▶ YOUR OBJECTIVE: The line with "Renault Twingo I" and each line following it, up to the final line of the data, should be set down exactly; pictures stay out.

[Captioned web images]
◇ ◇ ◇ ◇ ◇

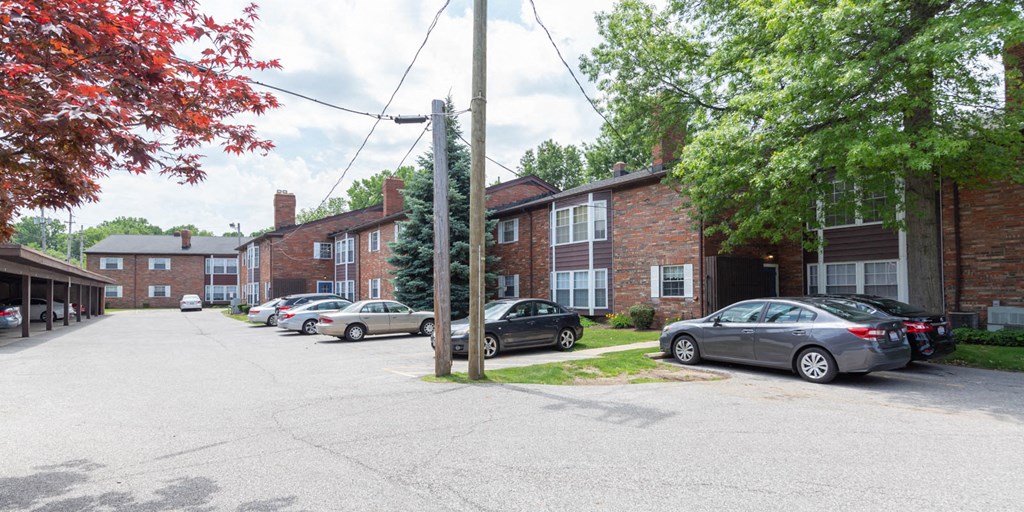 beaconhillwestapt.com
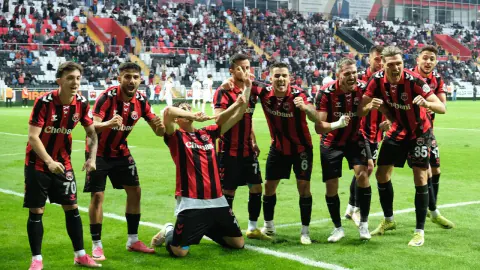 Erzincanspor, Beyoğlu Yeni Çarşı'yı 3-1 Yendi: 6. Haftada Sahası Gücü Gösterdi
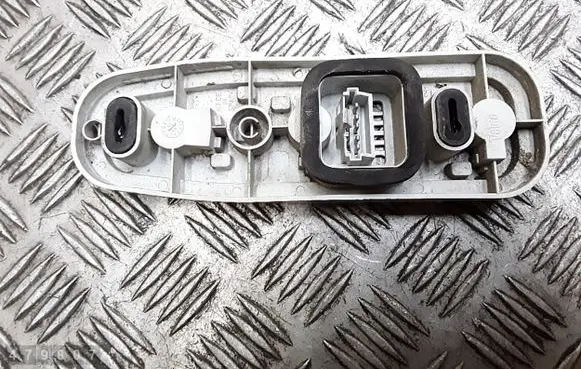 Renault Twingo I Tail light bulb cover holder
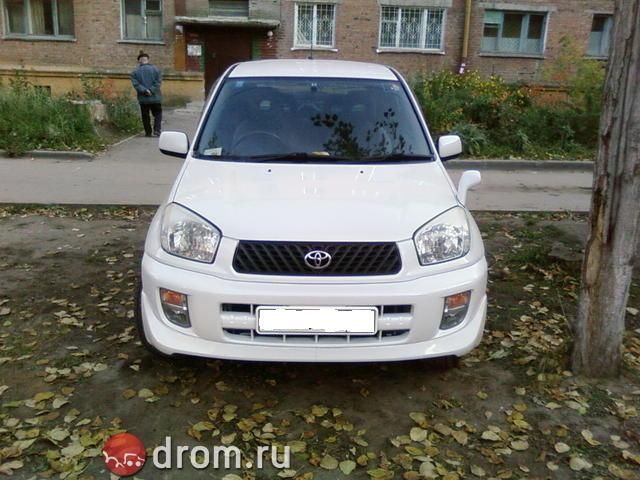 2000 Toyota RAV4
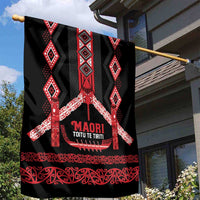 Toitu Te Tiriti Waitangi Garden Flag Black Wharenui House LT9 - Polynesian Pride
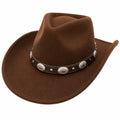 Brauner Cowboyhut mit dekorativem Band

◇ ◇ ◇ ◇ ◇

▶ RESULT OF THIS EXERCISE:
 Renault Twingo I Tail light bulb cover holder
 2000 Toyota RAV4
 Toitu Te Tiriti Waitangi Garden Flag Black Wharenui House LT9 - Polynesian Pride
 Brauner Cowboyhut mit dekorativem Band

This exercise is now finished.